We talked about the experience and then played a little with a very simple ‘single image score’ again something I have practiced with Lisa Nelson. The score is very simple: We identify a space that we’re going to work with and then all stand and look at it, taking in the details. Someone imagines themselves somewhere in the space and then, with their eyes closed, they go to that place and come to a still position. The watchers again take in the space with the person inserted into it and once someone feels that the image has resolved – that they have seen all they need to see, they say “end” and the person leaves the space.

The exercises were designed to provoke questions about how our perception shapes the world we see and to how we are shaped by our interaction with the things we come into contact with.The workshops were not about me leading people to a conclusion, but more about working with our experience of perception and letting that work lead us to wonder about what we’re doing when we look at the world.I was very taken by the notions proposed by the other artists exhibiting in the gallery – ideas about our imprints on the world and about how we affect and are affected by our own and other peoples actions – how we are impressing and impressed upon at micro and macro levels. We discussed the exhibition through the lens of the work we were doing in the workshops.

Summary

It seems to me that the frame for the residency was a very mature one – to invite an artist to explore their practice within the context of other artists work and in a situation where interaction with other people might inform and contribute to the development of the work.

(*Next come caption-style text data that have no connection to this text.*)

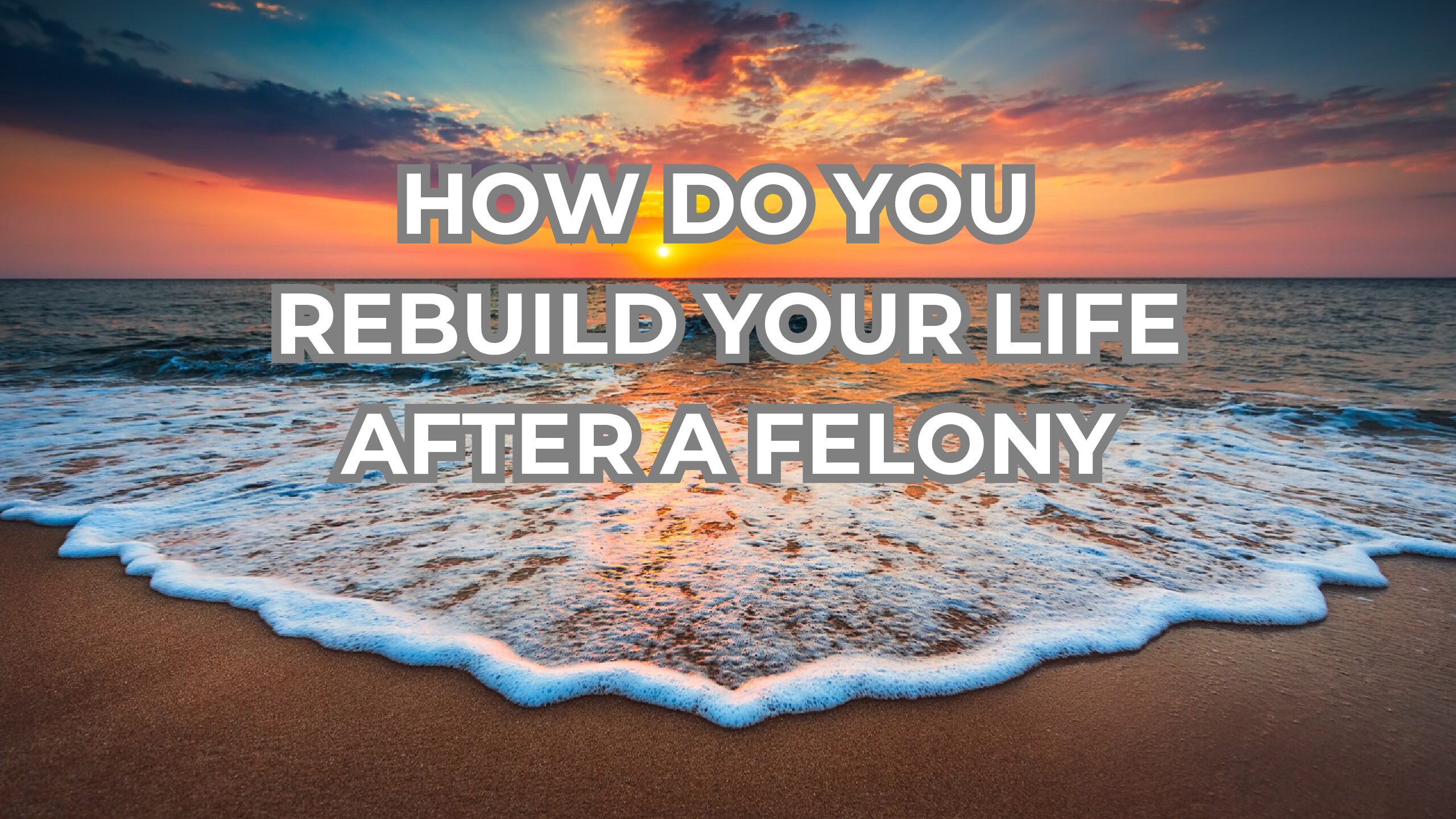 HOW DO YOU REBUILD YOUR LIFE AFTER A FELONY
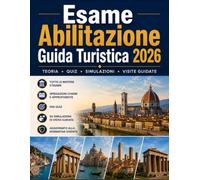 Esame Abilitazione Guida Turistica 2026: Manuale Completo per Superare la Prova Scritta e Orale con Teoria Aggiornata, Simulazioni d'Esame e Casi Pratici Professionali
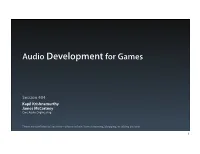 Avaudioplayer • Understanding Your Audio Assets • a “Complex” Game ■ Spatial Audio and Openal • Audiosession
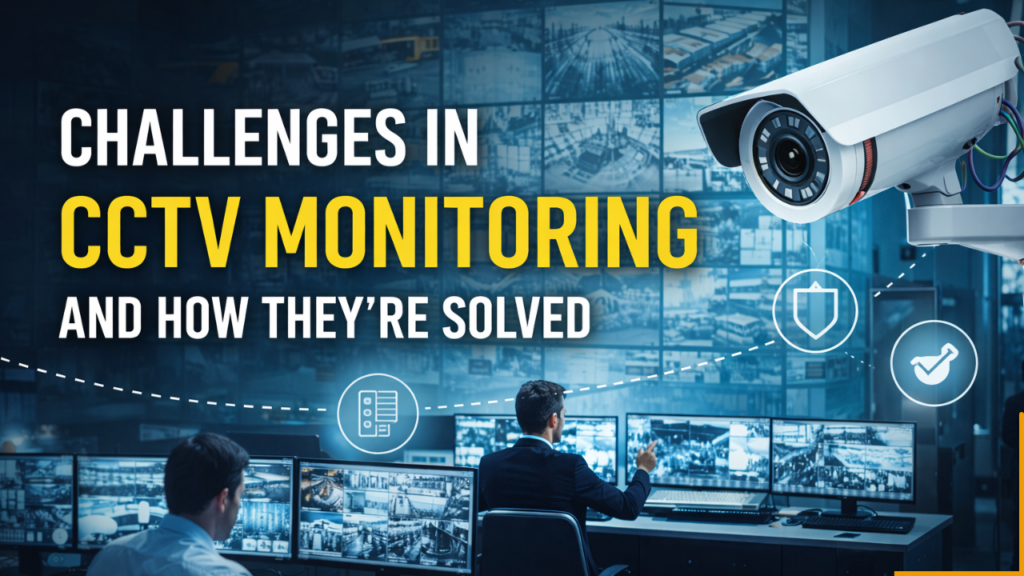 Challenges in CCTV Monitoring and How They’re Solved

There was something about how it was presented to me that really made me do what I think is so often missing from situations like this:It made me ask “How am I going to use this time? How can the engagements with different people contribute to the work I’m doing? How can this be useful to me? What is the point of me doing it?

It’s often too easy to take a job because it’s a job, and try to bend what you do to fit the brief, but in this situation it felt more like bending the job to fit my work, and in this way, I think it was more useful for both parties.In think the space and support made available and the trust in me as an artist meant that there was room to really consider the most meaningful way to proceed with no pressure to have to demonstrate it’s value, and enabled me to use the opportunity to its fullest. I think it might have been good to have had a longer lead in time in order to be able to organise other guest speakers, artists etc. This also might have meant that I could organise my timetable around the project so that I could attend some of the things I was absent from.

The whole experience was very rich for me and I’ve had a lot of feedback from different people I came into contact with over the course of the residency who said it had been very rich for them, and with whom I’ve had some great conversations generated by the different interactions proposed in the gallery.

The residency offered me an opportunity to explore and to question, to propose experiments and to engage with different people and ideas.Those explorations, questions and experiments continue and the residency continues to support and inform my work.